Update times
2002-01-27 19:49:47+00 by
Dan Lyke
5 comments
Dave commented on my use of Weblogs.com date feeds, which prompted Dori to ask why Backup Brain wasn't in that list. That list down there on the right is derived directly from my Opera bookmarks list. It should be pretty much impossible to get http://www.backupbrain.com (note the lack of trailing slash) into the address that a browser finally reports getting, and therefore that it puts in the bookmarks file. I've noticed there are a few other pages missing updates too, I need to figure out what's going on there. And I believe that Dave has blocked Large American Penis from the weblogs.com update list, I'd love to be pulling this from the aggregate of several update checkers. Anyway, let's see if the new code does any better, if I've got a few spare minutes maybe I'll try to fix the current database as well, rather than just waiting for it to update.
[ related topics:
Weblogs Dave Winer Flutterby Meta
]
comments in ascending chronological order (reverse):
#Comment made: 2002-01-27 21:07:03+00 by:
jim winstead
[edit history]
http://blo.gs/ is the aggregate of several update checkers. it also supports the weblogs.com xml-rpc api for being pinged directly. and i'm working on incorporating polling.
blo.gs also makes sure that urls have at least a single slash for the path part of the url, as part of the (evolving) duplicate prevention.
you can also search the blo.gs database to see if it has ever seen an update about a weblog.
#Comment made: 2002-02-21 05:34:49+00 by:
Dori
It looks like things are better, but not completely fixed. It's showing an
updated time, which is an improvement, but not the most current one.
#Comment made: 2002-01-28 00:59:07+00 by:
DaveP
[edit history]
I tried to do something like Dan's list of links with update times back at the end of last
November.
My plan was to initially ask blogs about their updates directly if they weren't in the
weblogs.com list (and worry about writing the code to talk to weblogs.com later)

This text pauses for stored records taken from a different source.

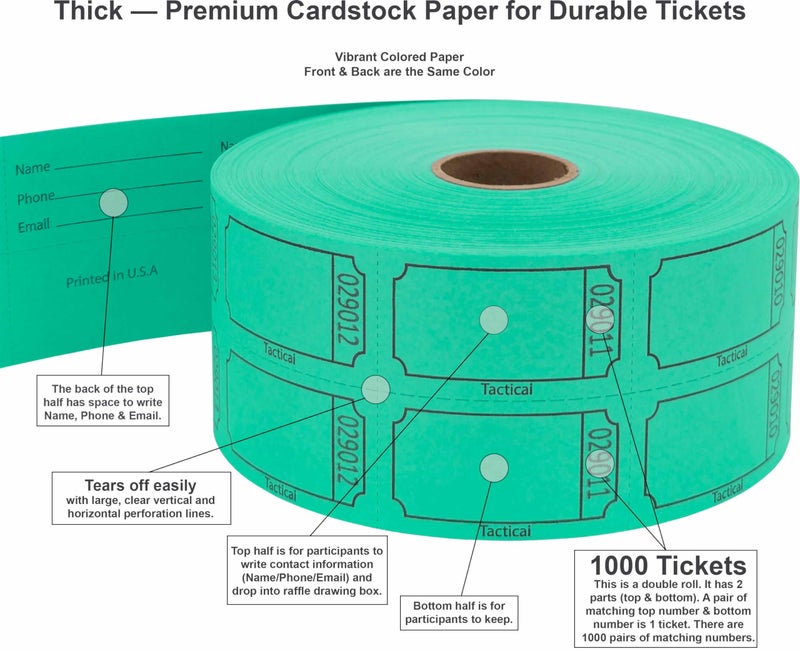 Tacticai 1000 Raffle Tickets, Blank, Green (1 of 8 Colors), Double Roll for Events, Entry, Class Reward, Fundraiser & Prizes - Image 2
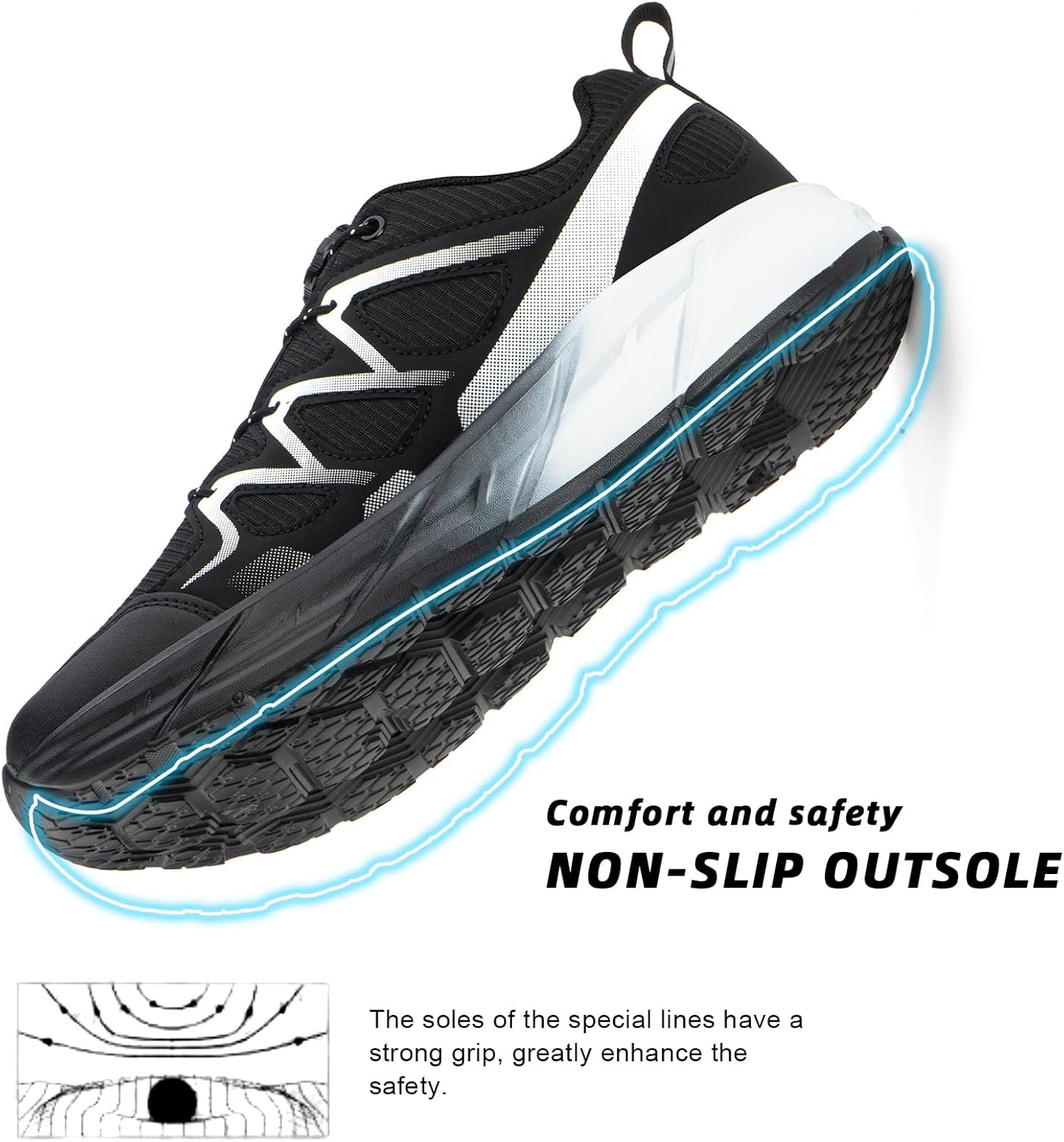 Imagen de Zapatillas Running Hombre Deportivas Mujer Correr Zapatillas Trail Running Shoes Zapatos Deporte Fitness Sneakers Trekking Negro EU 37-47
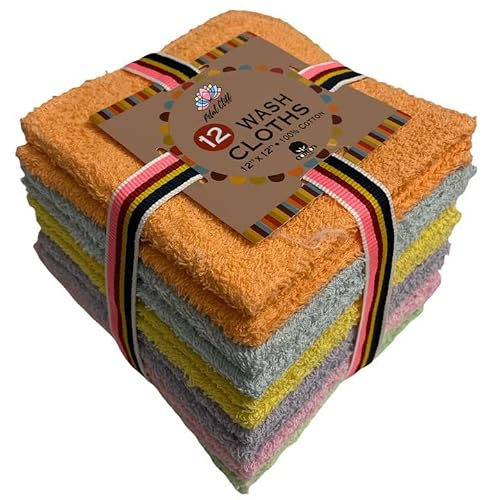 Petal Cliff 12 Pack, 100% Cotton Wash Cloth, Extra Soft, Highly Absorbent, Machine Washable Size 12" X 12", Assorted Colors - Color May Very. #TOP5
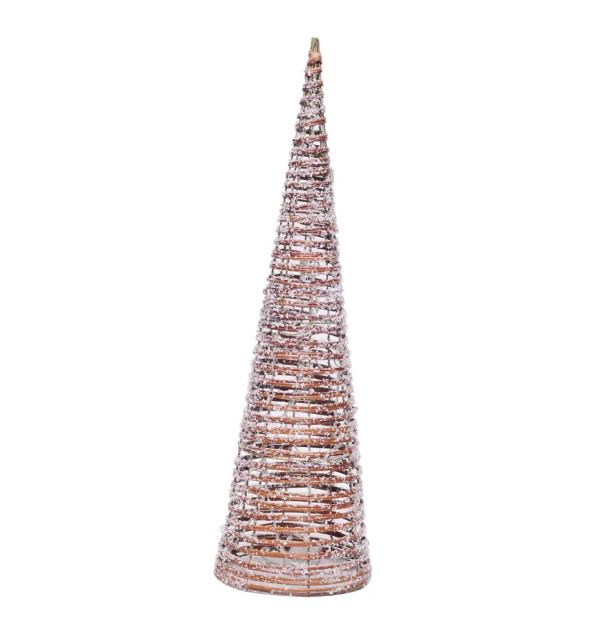 Cone Led Aramado Rattan Rustico Ouro 60cm -  Cromus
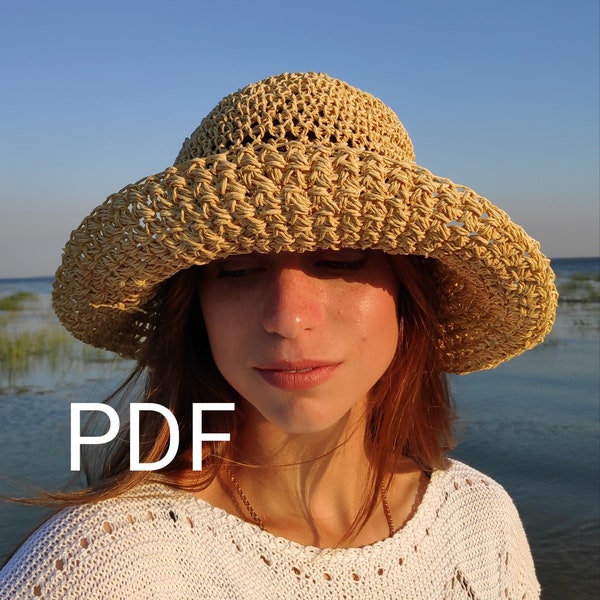 PDF Pattern, Schema crochet, Raffia hat, Boho hat, Crochet bucket hats, Beach hat, Schema pattern, Womens straw hats
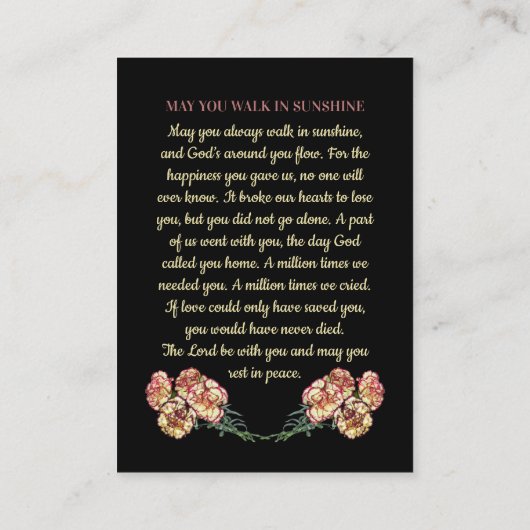 写真エレガント、カーネーション花、祈りの言葉カード 名刺 (裏面)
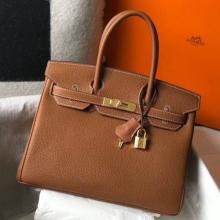 Hermes Brown Clemence Birkin 30cm Handbag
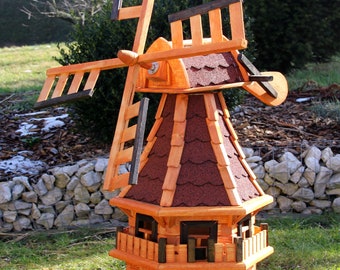 Windmill weatherproof made of wood with solar lighting type 17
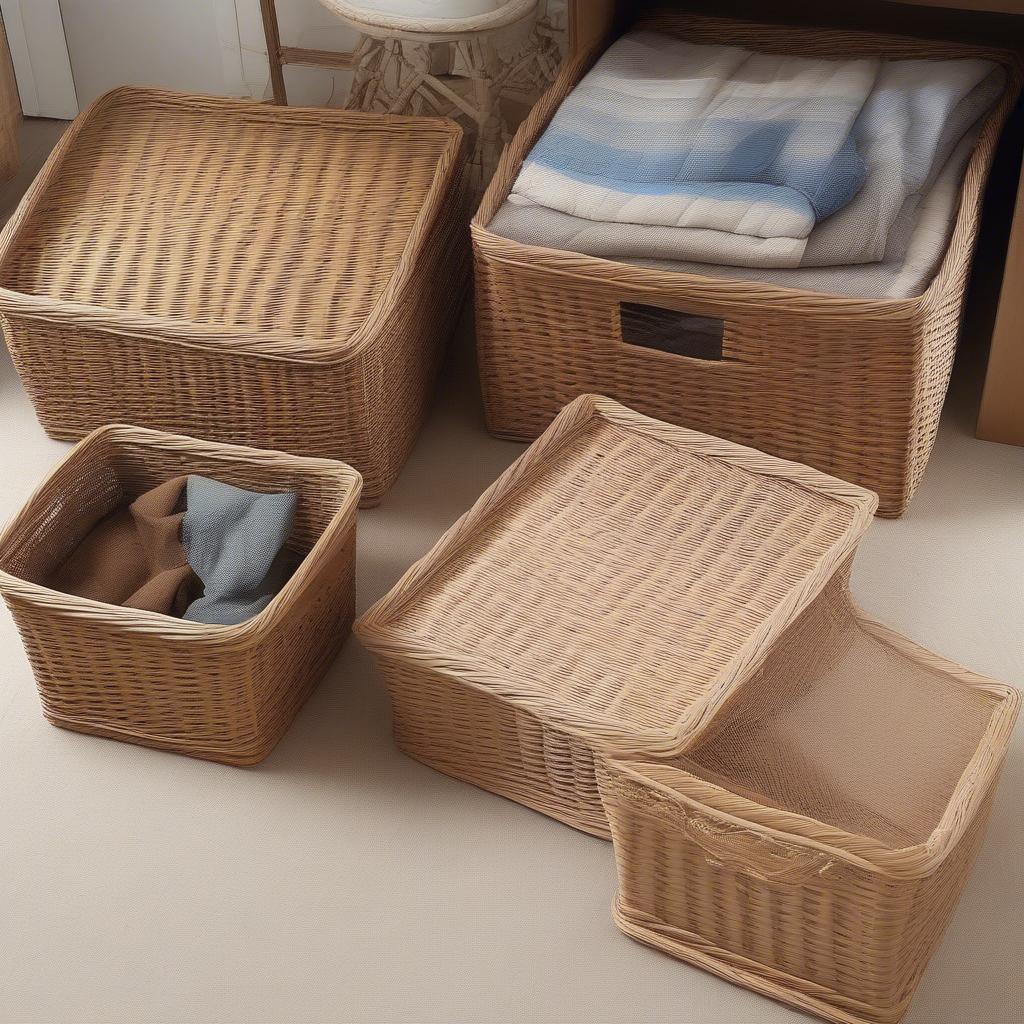 Variety of Cheap Wicker Underbed Storage Baskets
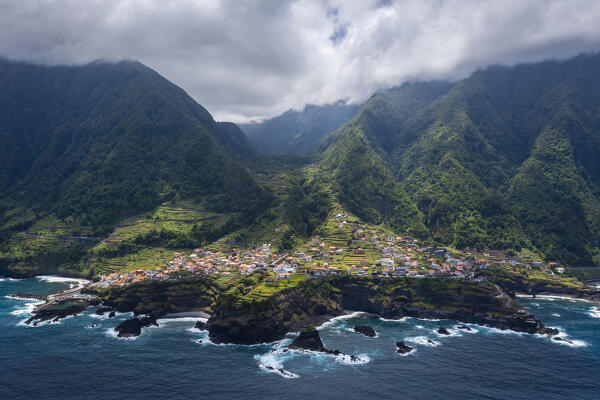 Aerial view of the coast of Seixal in spring. Madeira, Portugal, Europe.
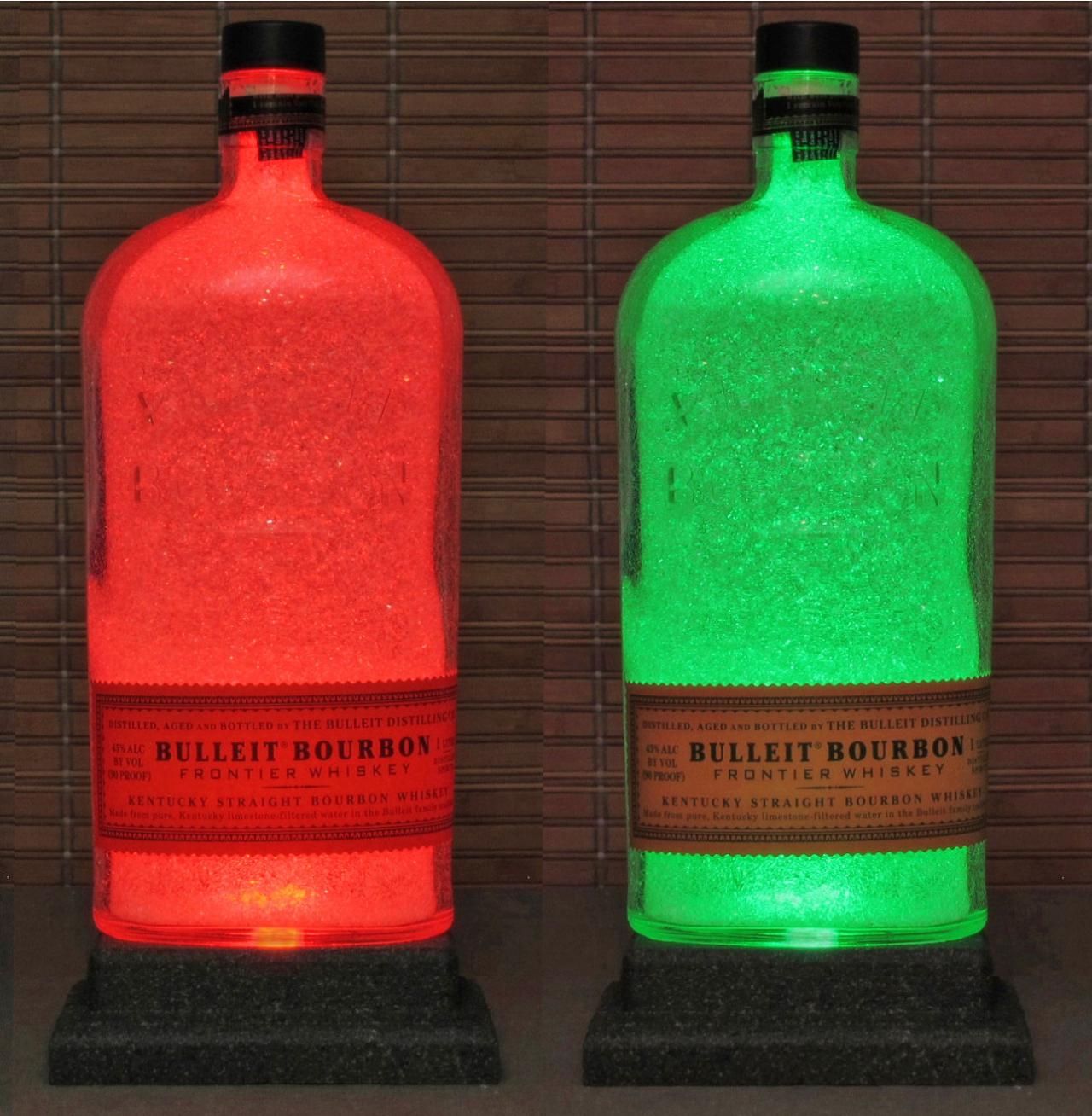 Bulleit Bourbon Kentucky Whiskey Led Remote Color Changing Liquor Bottle Lamp Bar Light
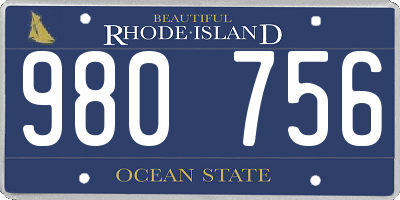 RI license plate 980756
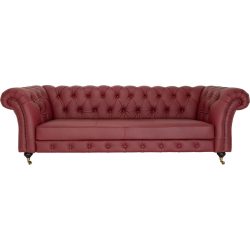 Sofa Shanaya Rot Leder 252 cm 100 cm - Sofa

The problem is that I tried to use the HTTP HEAD request, and numerous sites don't
respond correctly (or refuse to respond at all with a 403 FORBIDDEN) to a HEAD
request. I based the script on surl and xurl scripts that come with the
perl.cookbook.examples from http://examples.oreilly.com/cookbook/
pcookexamples.tar.gz
I also swapped some mail with Ev, and he said he was
going to add some code to the server at blogspot so it
would return correct update times, which it wasn't. I haven't checked to see if he's
made that change or not, but without the change, the "Last-Modified" time in the
header just wouldn't change on an update.
Sadly, I seem to have gotten upset at the whole project after a while and just
chucked the code because I was finding so many sites that wouldn't tell me when
they'd been updated. Bleh.
#Comment made: 2002-02-21 05:34:51+00 by:
Dan Lyke
Yeah, I've taken special care to make sure that my Last-Modified
header is relatively correct, but that sure isn't the case across the web. And so we build baroque work-arounds because people don't care to implement standards (Yes, this is a hypocritical take relative to my complaints with the Web Standards Project, but they don't have a Last-Modified
header either).
Dori, my server polls weblogs.com every 3 hours, but my front page only updates when the message counts change or there are new entries. Don't know a good way to change that, so I may have to tweak my CMS to update the page, but keep the headers consistent and not poll weblogs.com unless one of those two things triggered the change.
#Comment made: 2002-02-21 05:34:51+00 by:
jim winstead
[edit history]
what do people think about pinging weblogs.com when there are new comments to a weblog? one of the reasons i switched to polling flutterby for http://blo.gs/ is because i assumed the frequent listing on weblogs.com was due to a helper application gone awry that didn't know enough to ignore the number of comments when checking if flutterby was updated. i didn't even stop to think it might be an intentional ping. (my polling script grabs the update time from the rss feed.)
the blo.gs poller is really just an adaptation of the polling script i was using for my own news page before. like everyone else, i found the last-modified header totally unreliable, and ended up coding up little regular expressions for most of the sites to grab whatever timestamp they included in their page. for those that didn't have a timestamp at all, i just stripped out a bunch of stuff (images, '# comments', etc) and did an md5sum. for the two dozen or so sites i was tracking that way, it to be quite reliable. when i started using weblogs.com data in preference to my own polling, i found that a number of the sites would show up as updated on weblogs.com when they weren't really updated (like http://www.evhead.com/ and http://www.camworld.org/).